_Activity_
Copy each line of the data below exactly, leaving out pictures.

_Dataset extract_

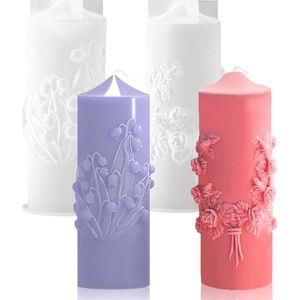 Siliconen Bloemen Kaarsvormen - Set van 2 stuks, Cilindrische 3D Kaarsvormen voor Handgemaakte Decoratie, Siliconen Gietvormen voor Kaarsen maken, Wax en Zeep (Lelietjes van Dalen, Rozen)
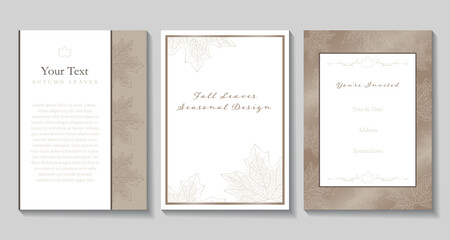 A set of autumn leaves invitation designs in neutral tones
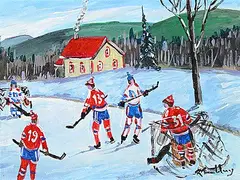 Roland Tremblay, Les Nordiques, acrylic on canvas
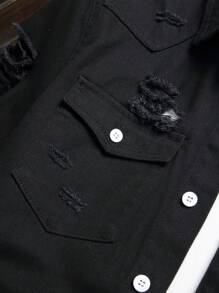 Manfinity Homme Men Ripped Flap Pocket Denim Shirt Without Tee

_Written response_
 Siliconen Bloemen Kaarsvormen - Set van 2 stuks, Cilindrische 3D Kaarsvormen voor Handgemaakte Decoratie, Siliconen Gietvormen voor Kaarsen maken, Wax en Zeep (Lelietjes van Dalen, Rozen)
 A set of autumn leaves invitation designs in neutral tones
 Roland Tremblay, Les Nordiques, acrylic on canvas
 Manfinity Homme Men Ripped Flap Pocket Denim Shirt Without Tee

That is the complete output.